Seventh Circuit Smackdown of City of Chicago

posted by Jason Kilborn

The Seventh Circuit Court of Appeals this week released its opinion in In re Fulton, the highly anticipated consolidated appeal of four Chapter 13 cases involving debtors whose cars had been impounded. The City of Chicago had refused to release them to the debtors (exercising the rights of trustee under section 1303) after the petition filings, as clearly required by section 542 and Seventh Circuit precedent, Thompson v. GMAC, 566 F3d 699 (7th Cir. 2009). The Court rejected the City's arguments in favor of repealing Thompson or recognizing a stay/turnover exception for the City to maintain its possessory lien on impounded cars by keeping, well, possession.

The Court reached the right result here, in my view, and two things really jumped out at me. First, the Court explains several times that the case should be governed by "the purpose of bankruptcy - 'to allow the debtor to regain his financial foothold and repay his creditors.'" The Court's emphasis on the debtor-salutary purpose of bankruptcy is refreshing, even in cases where the repaying-creditors purpose is likely to be largely defeated.

More striking were the first lines of the portion of the opinion recounting the facts of Fulton's case. She used the car "to commute to work, transport  her young daughter to day care, and care for her elderly parents on weekends." You can already anticipate where the Court is heading in the case, but then it gets better: "On December 24, 2017, three weeks after she purchased a 2015 Kia Soul, the City towed and impounded the vehicle for a prior citation of driving on a suspended license." Really??!! The City towed and impounded her new car on Christmas Eve!!?? It probably still had a temporary plate indicating it was new. And it got towed for what? A prior citation having nothing to do with the car at all. Note to self, City of Chicago: When the Court opens the fact section with a smackdown recounting @$$hole behavior like this, you can just skip to the end. You lose. Three cheers for the Seventh Circuit again!

Reverse Mortgage Meltdown ... and Gov't Complicity?

posted by Jason Kilborn

USA Today just came out with an interesting expose about reverse mortgages and their negative impact, especially in low-income, African American, urban neighborhoods (highlighting a few in my backyard here in Chicago). I have long been interested in reverse mortgages, touted in TV ads by seemingly trustworthy spokespeople like Henry Winkler and Alex Trebek as sources of risk-free cash for folks enjoying their golden years, and I am always on the lookout for explanations of the pitfalls. Most of these breathless critiques strike me as overkill, but the USA Today story reveals fairly compelling real stories of a few of the ways in which a combination of financial illiteracy and sharp marketing tactics can lead to bad outcomes ranging from rude awakening (heirs having to buy back their childhood homes) to tragedy (simple missed paperwork deadlines leading to foreclosure and an abusive accumulation of default and attorney fee charges).

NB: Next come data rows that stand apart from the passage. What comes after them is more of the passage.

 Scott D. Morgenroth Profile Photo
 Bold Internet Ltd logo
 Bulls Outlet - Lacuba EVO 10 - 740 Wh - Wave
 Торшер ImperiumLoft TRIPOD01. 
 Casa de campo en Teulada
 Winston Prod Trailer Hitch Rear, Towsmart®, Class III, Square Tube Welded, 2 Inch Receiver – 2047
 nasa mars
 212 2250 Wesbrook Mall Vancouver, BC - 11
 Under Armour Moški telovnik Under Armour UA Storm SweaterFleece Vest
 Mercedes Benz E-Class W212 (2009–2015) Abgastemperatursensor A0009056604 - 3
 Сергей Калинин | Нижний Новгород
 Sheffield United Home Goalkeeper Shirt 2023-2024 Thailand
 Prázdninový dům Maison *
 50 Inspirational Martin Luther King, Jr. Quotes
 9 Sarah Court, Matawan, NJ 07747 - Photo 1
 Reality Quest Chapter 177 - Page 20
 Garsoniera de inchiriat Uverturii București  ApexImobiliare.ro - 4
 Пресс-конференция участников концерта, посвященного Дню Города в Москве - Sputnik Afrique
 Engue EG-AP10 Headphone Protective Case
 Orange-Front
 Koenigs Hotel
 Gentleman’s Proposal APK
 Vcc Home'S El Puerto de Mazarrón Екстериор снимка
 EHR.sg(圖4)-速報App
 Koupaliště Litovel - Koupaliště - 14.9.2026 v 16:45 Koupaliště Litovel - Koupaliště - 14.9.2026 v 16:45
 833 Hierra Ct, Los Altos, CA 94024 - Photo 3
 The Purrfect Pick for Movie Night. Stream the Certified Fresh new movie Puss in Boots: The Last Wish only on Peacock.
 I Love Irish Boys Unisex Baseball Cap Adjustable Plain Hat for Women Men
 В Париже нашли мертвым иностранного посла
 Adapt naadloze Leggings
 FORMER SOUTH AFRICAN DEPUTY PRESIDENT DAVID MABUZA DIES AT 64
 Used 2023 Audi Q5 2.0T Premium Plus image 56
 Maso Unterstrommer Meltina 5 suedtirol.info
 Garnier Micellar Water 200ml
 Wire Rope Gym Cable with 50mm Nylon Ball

One line really jumped out at me. In defense of their seemingly hard-hearted and Emersonian-foolish-consistencies-being-the-hobgoblins-of-little-minds conduct, an industry spokesperson deflects, "lenders would prefer to extend the deadlines for older borrowers but fear violating HUD guidelines." Another bank official chimes in, “No matter how heinous or heartbreaking the case, it’s not our call. There’s no wiggle room,” adding that the stress of being unable to behave in a commercially and morally reasonable manner “takes a toll on employees.” [Yes, the unquoted characterization of the rigid lender behavior is mine, not the bank official's].

"Really??!!," I wondered. I wouldn't put any outrage past the Trump administration these days, but forcing banks to foreclose because an elderly surviving spouse overlooked a single piece of paperwork and is prepared to fix the problem a few days past the deadline strikes me as ... hard to believe. Is the government complicit in these reverse mortgage tragedies because it forces lenders to observe rules and deadlines rigidly? If so, how sad and frustrating, and yet another sign of the failures of our modern political stalemate between rational compromise and hysteria, where the latter seems to be winning on all sides.